Task statement:
The result is the exact lines from the one containing "Chef Cast Aluminium" through the final line of the entries; leave out the pictures.

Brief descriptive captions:
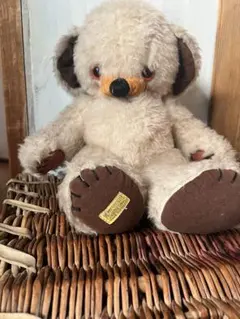 まみえもん様専用。まるまるしたヴィンテージ　チーキーちゃん　白タイプ！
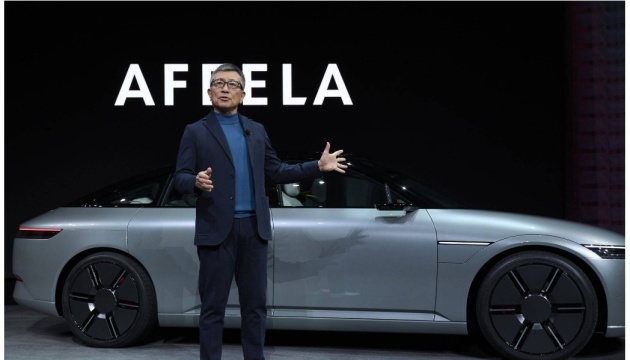 Honda и Sony представили прототип электромобиля совместного бренда Afeela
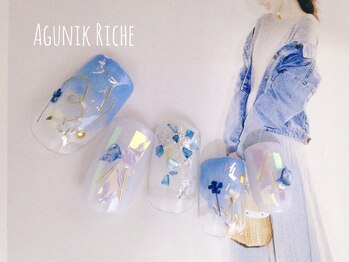 アグニークリッシェ(Agunik Riche)/【フットネイル】
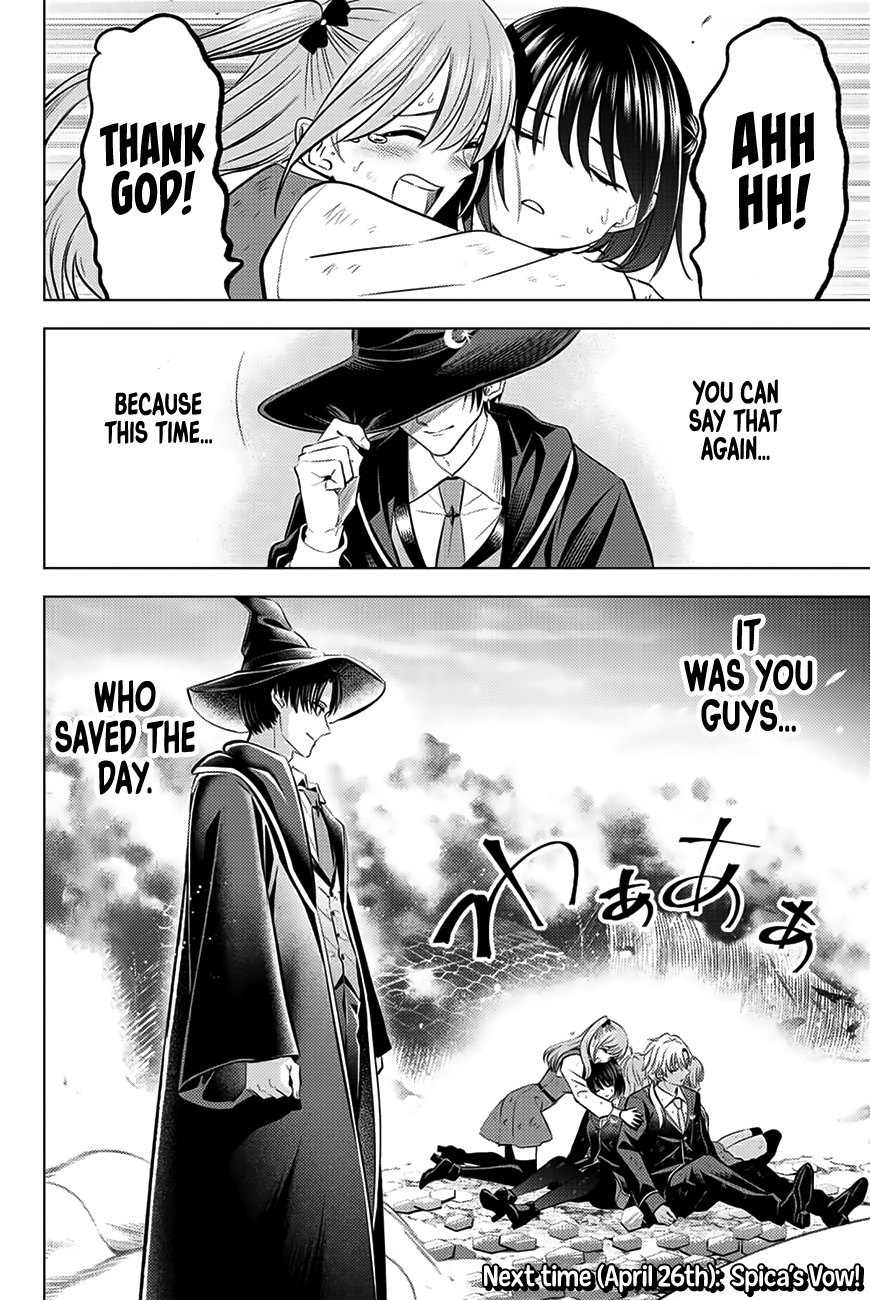 Kuroneko To Majo No Kyoushitsu chapter 31 page 20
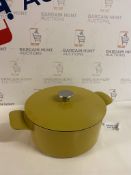 Chef Cast Aluminium 5 Litre Casserole Dish RRP £49.50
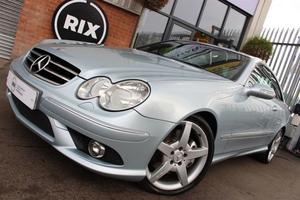 Mercedes-Benz CLK 2.1 CLK220 CDI SPORT 2d AUTO 148 BHP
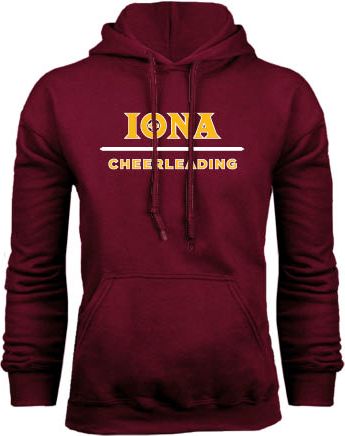 Iona Fleece Hoodie Cheerleading - ONLINE ONLY
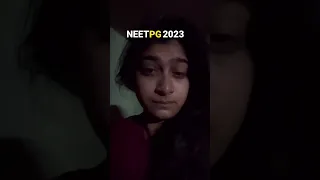 #neetpg2023 NEETPG EXAM DAY mini vlog | ANXIETY 😟 STRESS🤯 #neetpg #mbbs #doctor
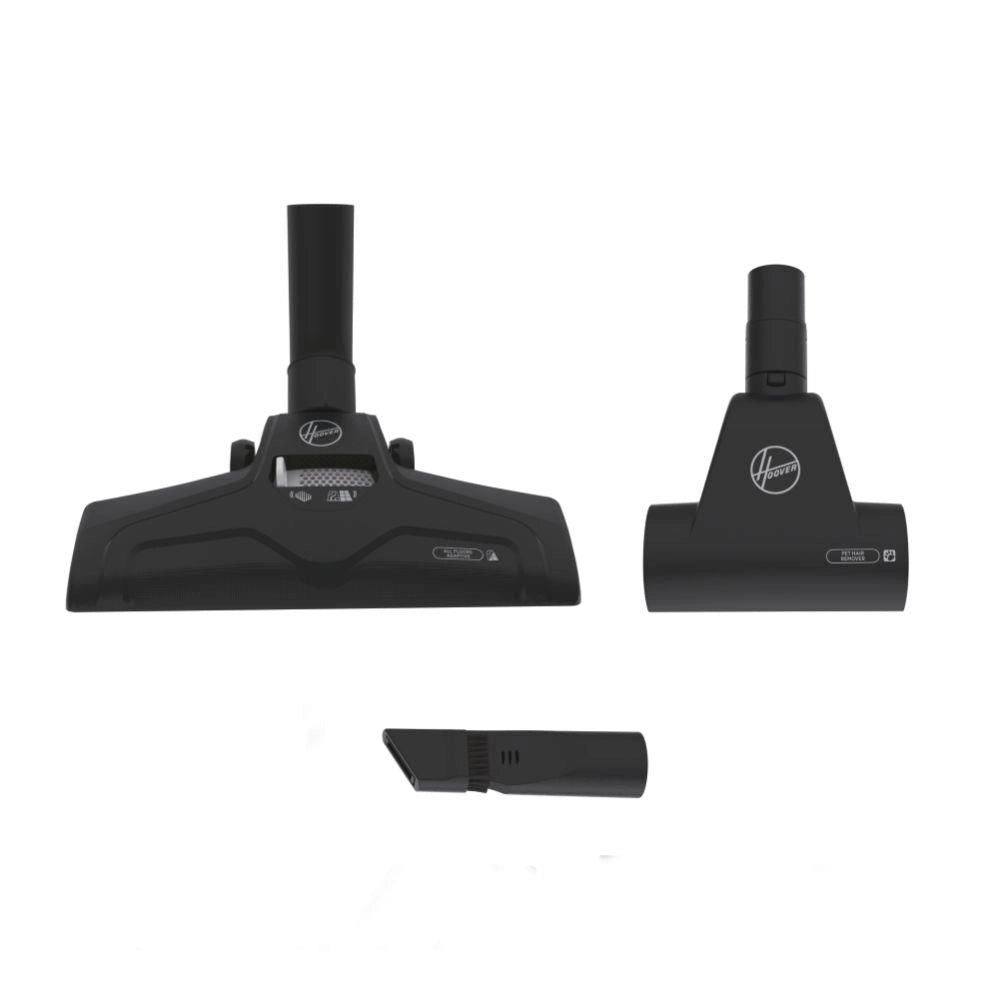 Hoover HP320PET H-POWER 300 Aspirapolvere a Traino Ciclonica Senza Sacco 2 L 850W 75 dB colore Nero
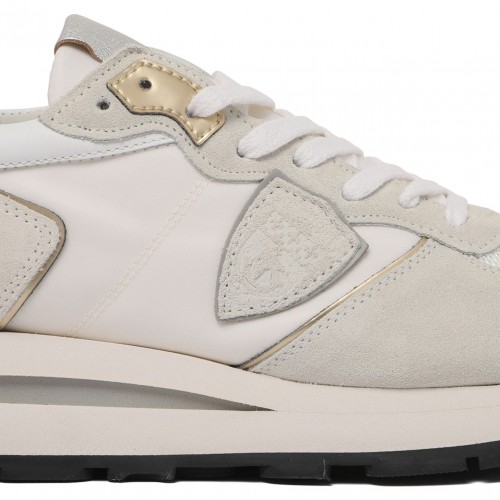 Grey Tropez Haute Sneakers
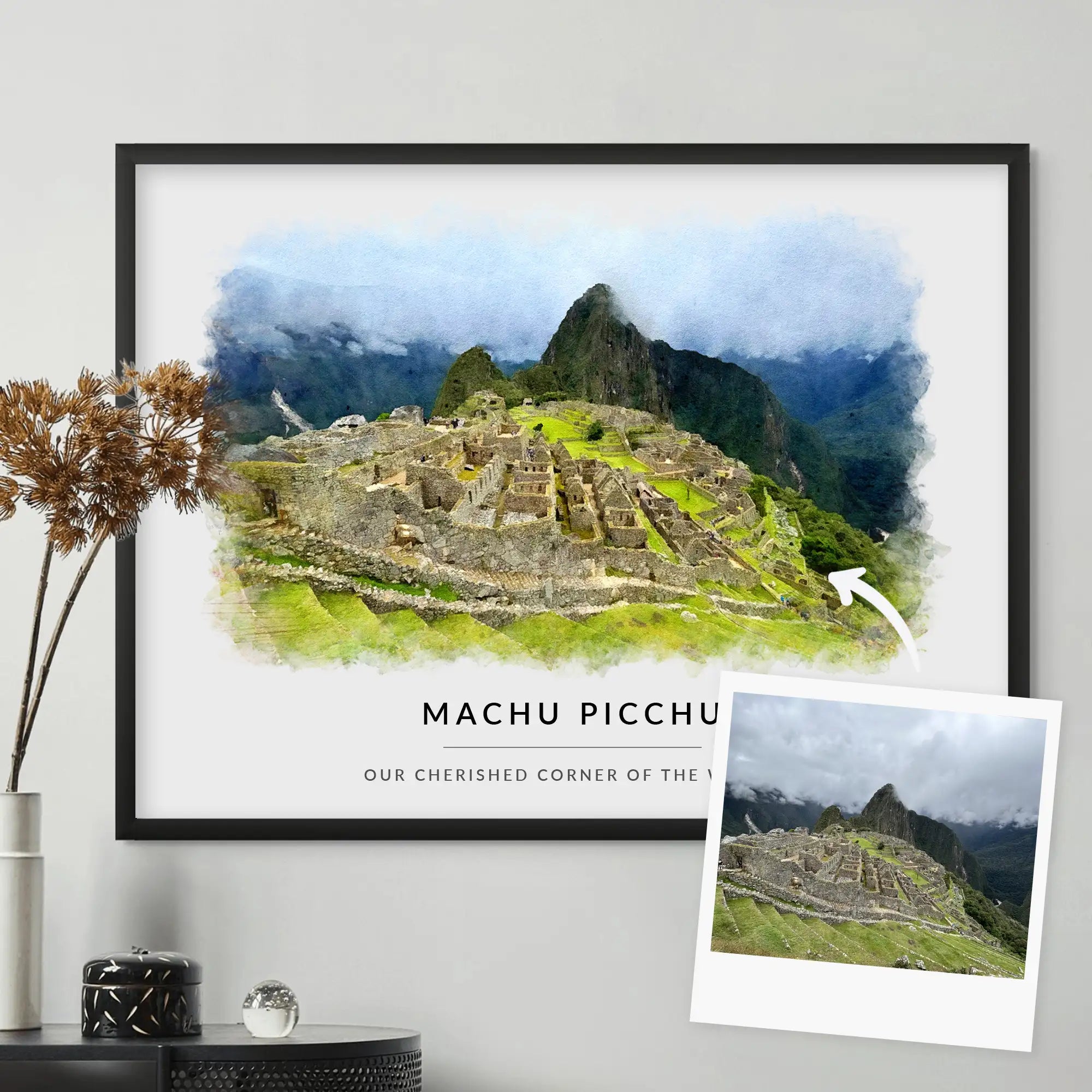 Custom Favorite Place Portrait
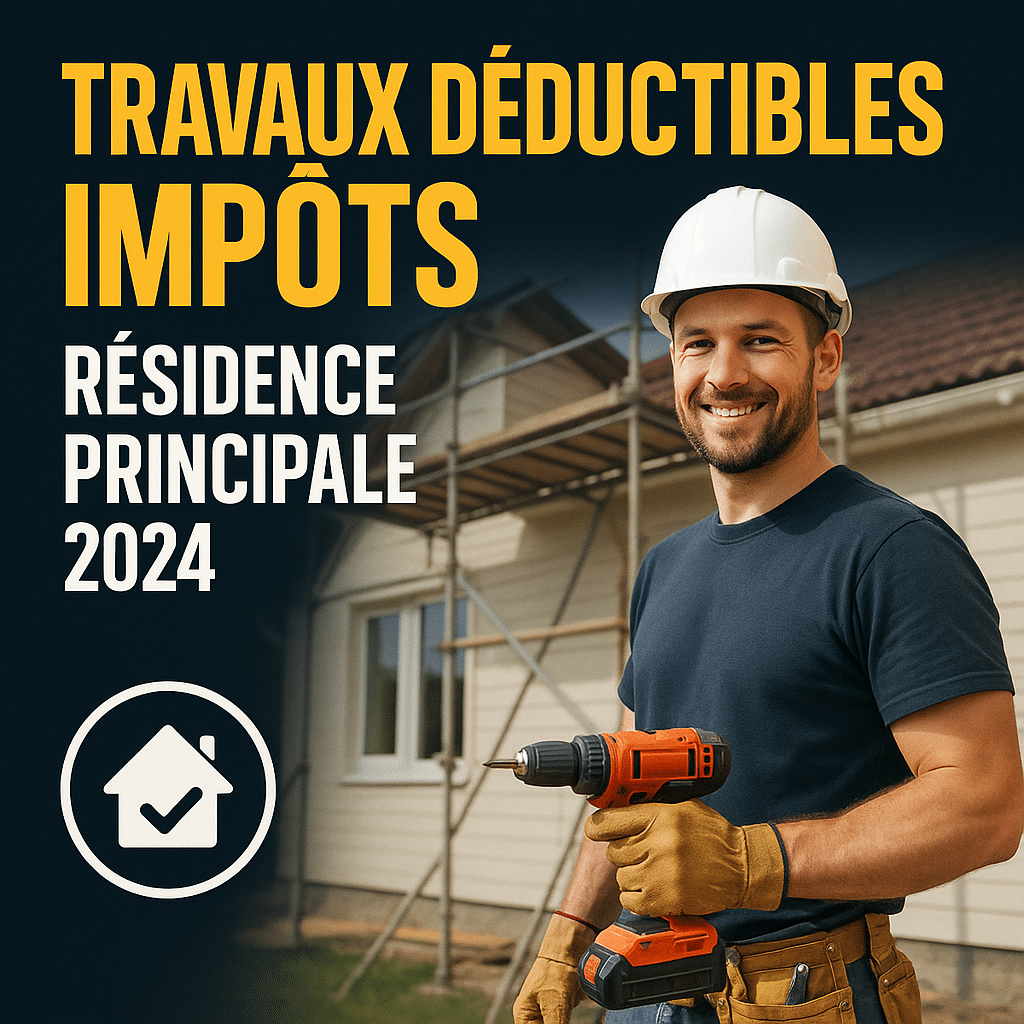 Illustration complémentaire de l’article sur travaux déductibles impôts résidence principale 2024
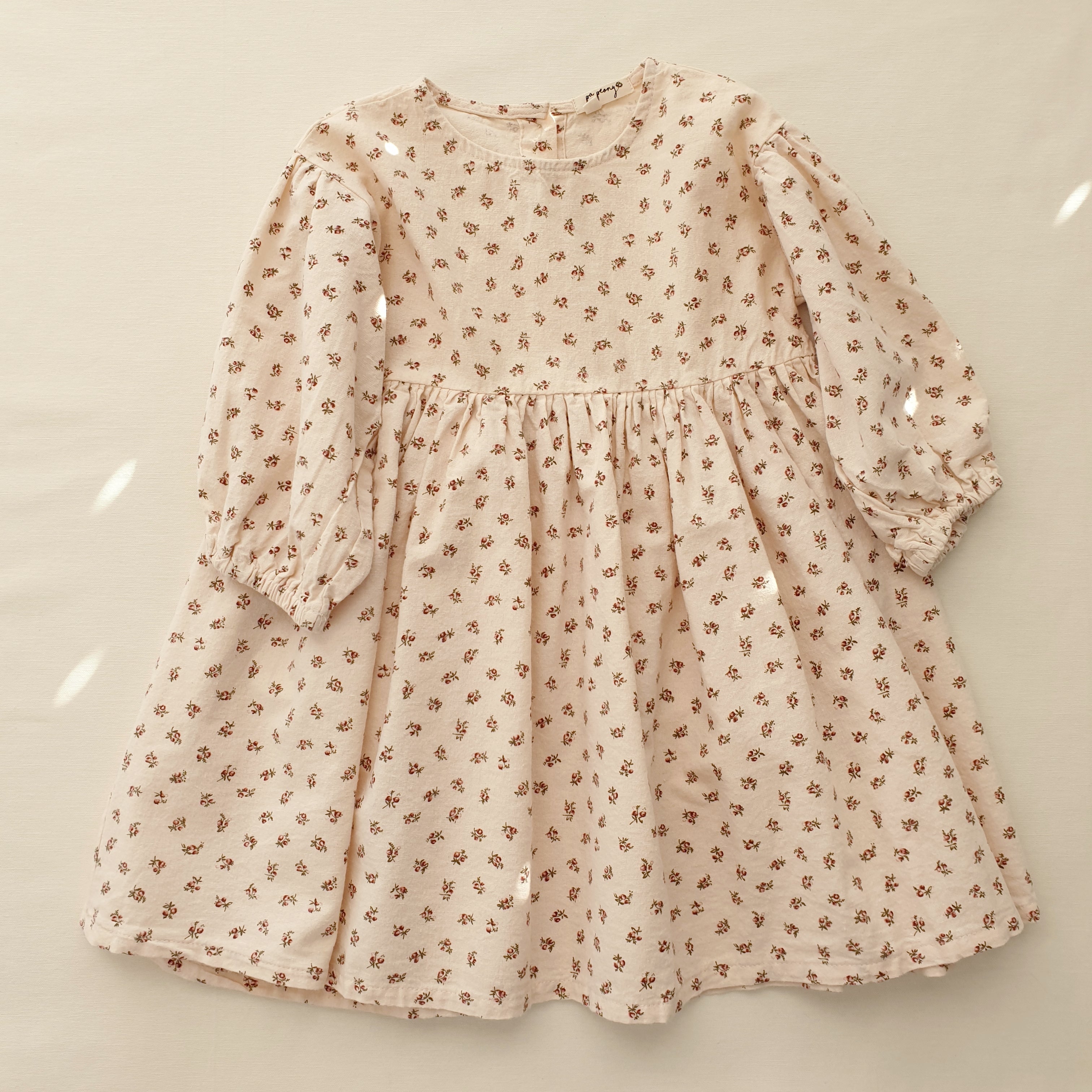 שמלה פרחונית - PaPeony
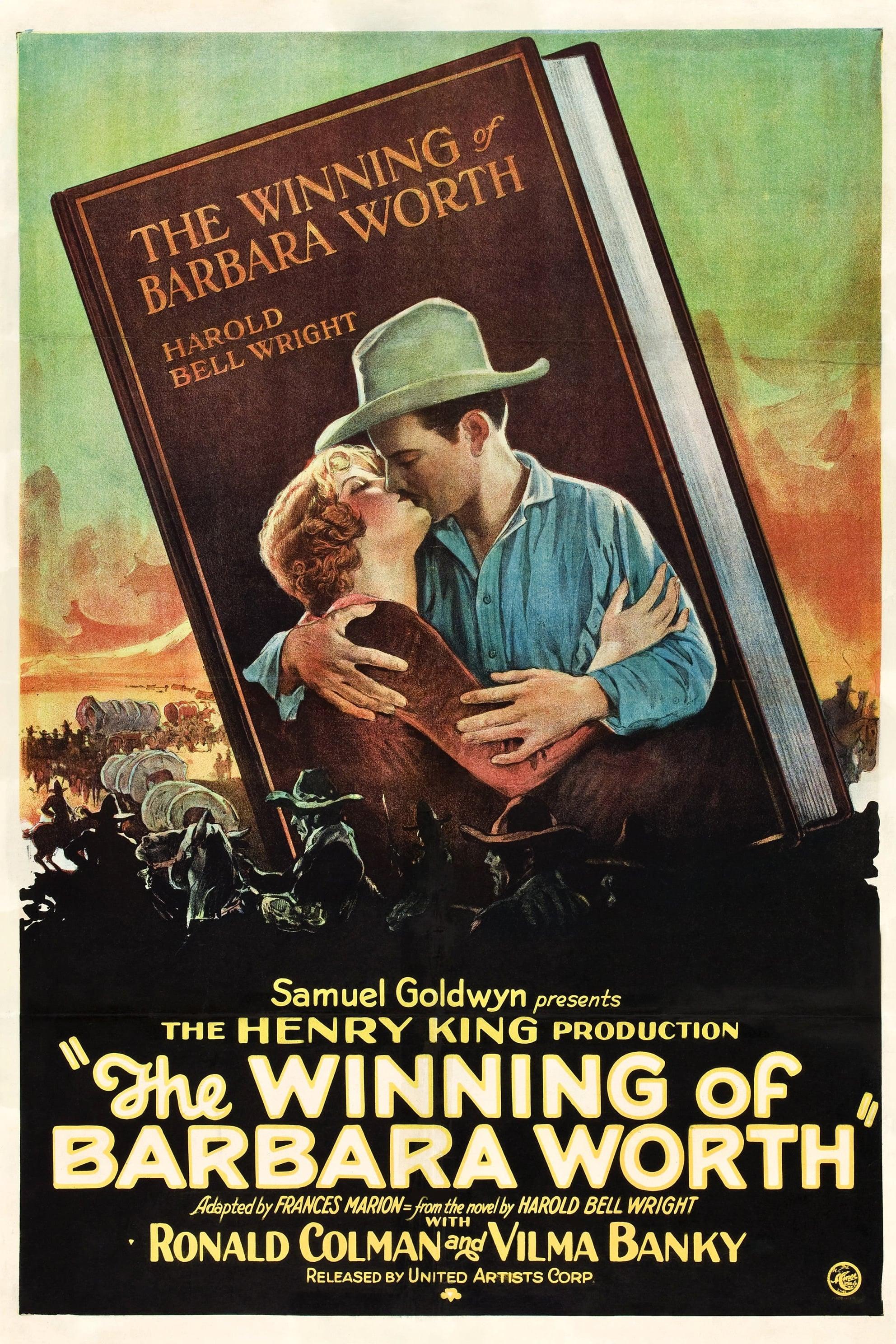 The Winning of Barbara Worth poster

Answer to the exercise:
 Chef Cast Aluminium 5 Litre Casserole Dish RRP £49.50
 Mercedes-Benz CLK 2.1 CLK220 CDI SPORT 2d AUTO 148 BHP
 Iona Fleece Hoodie Cheerleading - ONLINE ONLY
 #neetpg2023 NEETPG EXAM DAY mini vlog | ANXIETY 😟 STRESS🤯 #neetpg #mbbs #doctor
 Hoover HP320PET H-POWER 300 Aspirapolvere a Traino Ciclonica Senza Sacco 2 L 850W 75 dB colore Nero
 Grey Tropez Haute Sneakers
 Custom Favorite Place Portrait
 Illustration complémentaire de l’article sur travaux déductibles impôts résidence principale 2024
 שמלה פרחונית - PaPeony
 The Winning of Barbara Worth poster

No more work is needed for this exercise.